25. Problema das Galáxias
26. Medição da velocidade das galáxias (Efeito de Doppler)
27. Lei de Hubble
28. Constante de Hubble
28. Modelos teóricos partem todos da Teoria da Relatividade


Até agora, quase dois anos de posts, o que interessa reter? Duas coisa apenas:
- sabemos calcular distâncias astronómicas;
- sabemos medir a velocidade radial (a que se afasta ou se aproxima) de um objecto celeste.
Conjugando estes dois pilares, foi possível estabelecer uma relação entre eles, a lei de Hubble.

Para a obtenção da Lei de Hubble tiveram papel fundamental sobretudo V.M. Slipher e Edwin Hubble, embora, por razões pessoais, praticamente Slipher tenha passado um pouco despercebido. 

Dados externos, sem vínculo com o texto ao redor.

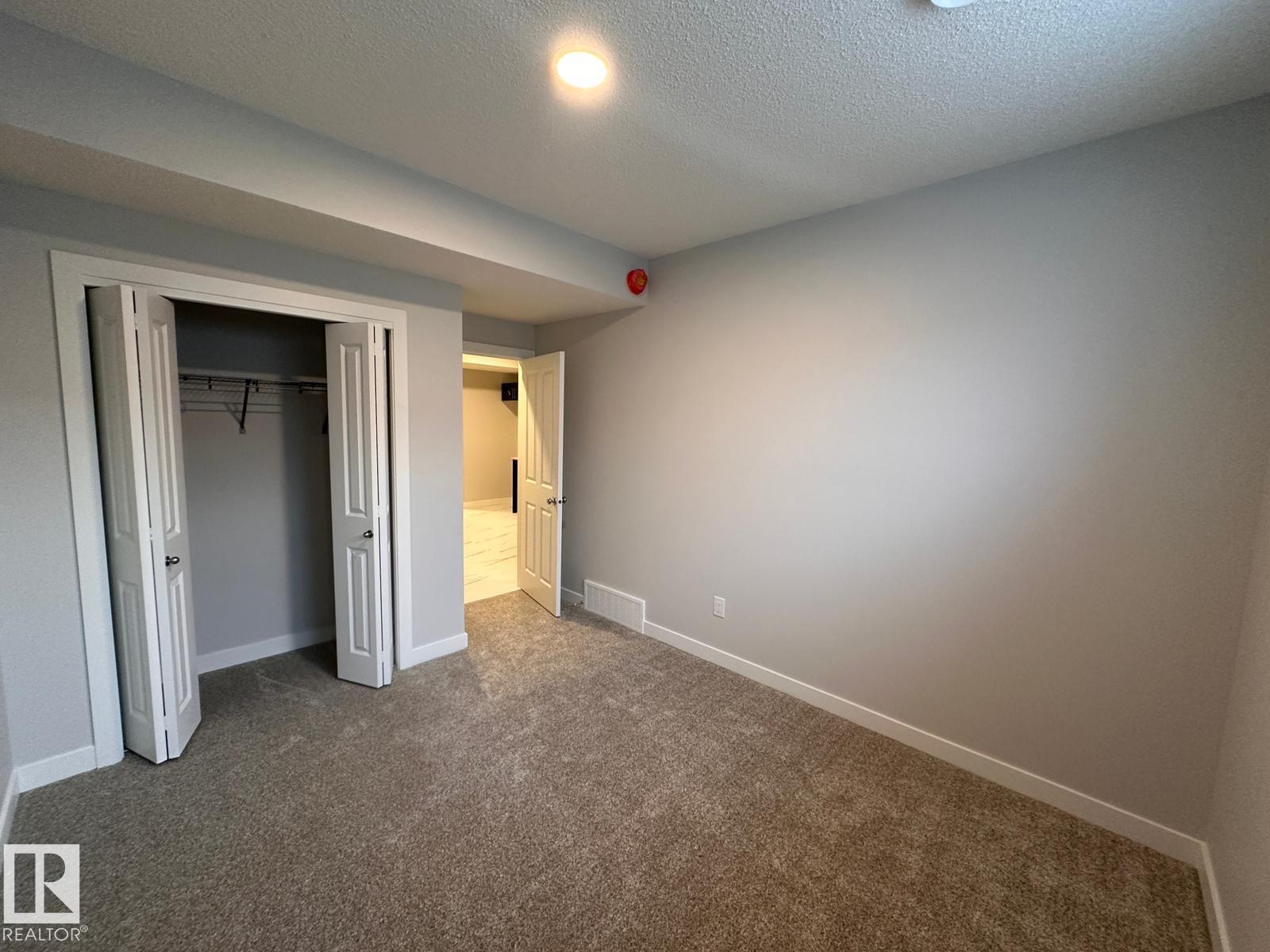 A room with a carpeted floor and a doorway leading to another room.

VESTO MELVIN SLIPHER (1875-1969)
Foi ele quem mediu, pela primeira vez, a velocidade radial (de afastamento ou de aproximação) de uma galáxia, e não E. Hubble, como muitos incorrectamente consideravam. Esta “confusão” tem certamente origem na natureza tímida e num temperamento de low profile de Slipher, exactamente o oposto de Hubble, que, apesar de ser um grande cientista e trabalhador imérito, tudo fazia para fazer esquecer potenciais concorrentes. Aliás, muitos dos trabalhos de Slipher foram publicados no Boletim do seu Laboratório (Lowell Laboratry Bulletin).
Em 1901, tinha começado a trabalhar  no Lowell Observatory, equipado com a aparelhagem mais recente, quando Percival Lowell (1855-1916) lhe propôs o estudo da rotação da atmosfera de Vénus, o que o ocupou até 1903.

Espectrograma de Vénus e do Sol (23.Março.1921):
A e B são bandas de Oxigénio; a, de vapor de água

Continuou a investigar os períodos de rotação dos planetas e a composição das suas atmosferas.


Estudou e propôs o nome de Plutão e não Minerva, já usado para asteróides, para um “corpo do Sistema Solar aparentemente trans-neptuniano”, o Planeta X, cuja órbita preliminar tinha sido já calculada no Lowell Laboratory.

Como pensava que as Nebulosas Espirais (NE) poderiam corresponder a um estágio primitivo da formação dos sistemas solares, pelo que começou, a partir de 1906, um programa para estudar os espectros das NE, depois de introduzir vários aperfeiçoamentos nos espectrómetros.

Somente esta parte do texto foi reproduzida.